(1780-1872) – Scientist and polymath
The Scottish astronomer, mathematician and geographer Mary Somerville’s interest in science was first kindled as a child by the natural world. During her adolescence, Somerville became an omnivorous autodidact, teaching herself Latin and Greek and seizing on chance encounters with family members and friends to acquire new books (including Euclid’s Elements). As a young woman, Somerville would rise early to play the piano, paint during the day then stay up late to study Euclid and algebra.

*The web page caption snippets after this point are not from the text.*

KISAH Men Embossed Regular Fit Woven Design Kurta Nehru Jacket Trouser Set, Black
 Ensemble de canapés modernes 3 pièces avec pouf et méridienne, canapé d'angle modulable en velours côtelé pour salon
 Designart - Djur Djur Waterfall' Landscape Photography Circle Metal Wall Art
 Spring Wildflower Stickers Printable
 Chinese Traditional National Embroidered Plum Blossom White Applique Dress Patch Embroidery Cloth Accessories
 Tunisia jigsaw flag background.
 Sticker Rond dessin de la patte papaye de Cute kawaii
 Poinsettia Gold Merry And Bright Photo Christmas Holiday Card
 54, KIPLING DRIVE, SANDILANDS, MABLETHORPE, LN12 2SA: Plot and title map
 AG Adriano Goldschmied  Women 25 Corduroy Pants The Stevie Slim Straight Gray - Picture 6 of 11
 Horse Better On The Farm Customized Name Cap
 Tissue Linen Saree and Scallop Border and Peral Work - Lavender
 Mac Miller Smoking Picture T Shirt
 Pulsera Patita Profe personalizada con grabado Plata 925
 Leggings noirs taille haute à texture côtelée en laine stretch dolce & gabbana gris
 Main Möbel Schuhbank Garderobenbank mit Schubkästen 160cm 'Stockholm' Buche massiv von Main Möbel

Somerville’s first marriage was not a happy one, primarily because her husband did not support her academic interests. When he died in 1807, she returned home to Scotland, where she promptly resumed her studies. It was at this time that she first read Isaac Newton’s Principia, which influenced her profoundly. With the encouragement of John Playfair, professor of natural philosophy at University of Edinburgh, she started to solve mathematical problems posed in the mathematical journal of the Military College at Marlow, leading to her first public recognition after her solution to a diophantine problem was awarded a silver medal in 1811.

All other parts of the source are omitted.